The Amish were told by William Penn that if they came here, they would not be killed, drowned in rivers or have their rights infringed upon. I think we ought to keep our promise,” Lindholm said. His group defended the Amish in the landmark 1972 Supreme Court case Yoder v. Wisconsin, which paved the way for Amish religious exemptions from the higher grades of formal education. The ruling also strengthened the home-school movement in the U.S., he said.

He said that while the Amish are generally averse to litigation, they will often go along if they see some greater good involved.

“When I took Wisconsin v. Yoder, I went there and said, ‘I’d like to defend you. Look at it this way — I believe you’d be of help to many people if you’d allow us to use your case to make a ruling.’ It used to be illegal to home-school. That Amish case has helped thousands of people who are not Amish. That is the only way I was able to persuade the Amish to take their case,” he said.

Lindholm said that it was more work to persuade the Amish to take on the case than it was get the Supreme Court on board.

“And I thought that would end it, these church-state battles with the Amish, and yet here we are with fighting in Wisconsin a few miles from where the Supreme Court took Yoder v.

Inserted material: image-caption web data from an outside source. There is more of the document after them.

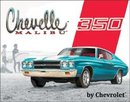 CHEVELLE MALIBU 350 TIN METAL SIGN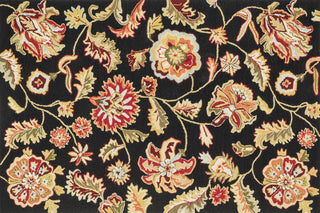 Loloi Juliana JL-06 Black Area Rug aerial 5 x 7-6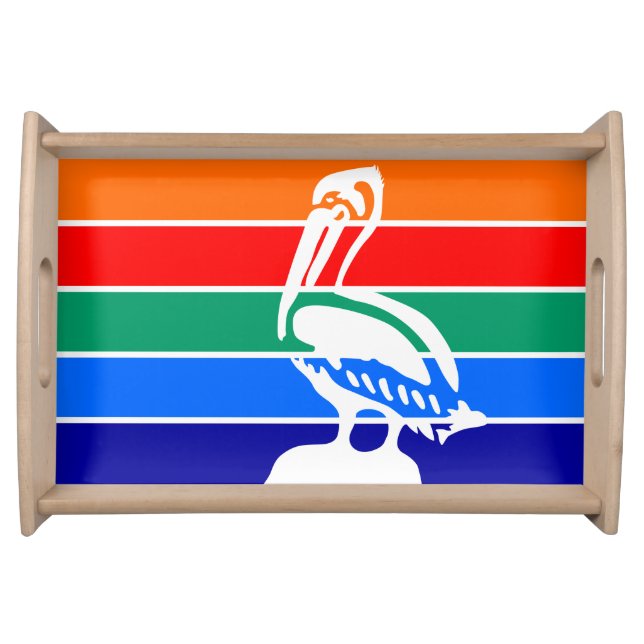Patriotic serving tray with Flag of St. Petersburg (Front)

Wisconsin,” he said.

In upstate New York, a spate of accidents between cars and buggies resulted in the St. Lawrence County legislature proposing legislation to require buggies to affix orange triangles on their buggies — which some Amish oppose. Still, in the interest of safety, lawmakers and Amish gathered in a bishop’s barn at night to shine a car’s headlights on the back of a buggy to see which kinds of reflective tape worked best.

“Some of the Amish that were using the tape hadn’t replaced it in a while, so it wasn’t as reflective as it should have been … One type of tape was very reflective and great, but only if the light was straight on. It wouldn’t help in curvy or hilly situations,” said Stephen Ballan, the interim public defender for St. Lawrence County, who has acted as an advocate for many Amish in the area. For the moment, the legislation has been tabled while the Amish and lawmakers try to work something out.

He said that the Amish are not being scofflaws and that they truly are hewing to their faith.

“I very strongly believe that they are deeply held religious beliefs. As you look around at the different Amish communities, look what happens when they are forced into situations they are opposed to. They pack up and leave. Doesn’t that say something?” Ballan said.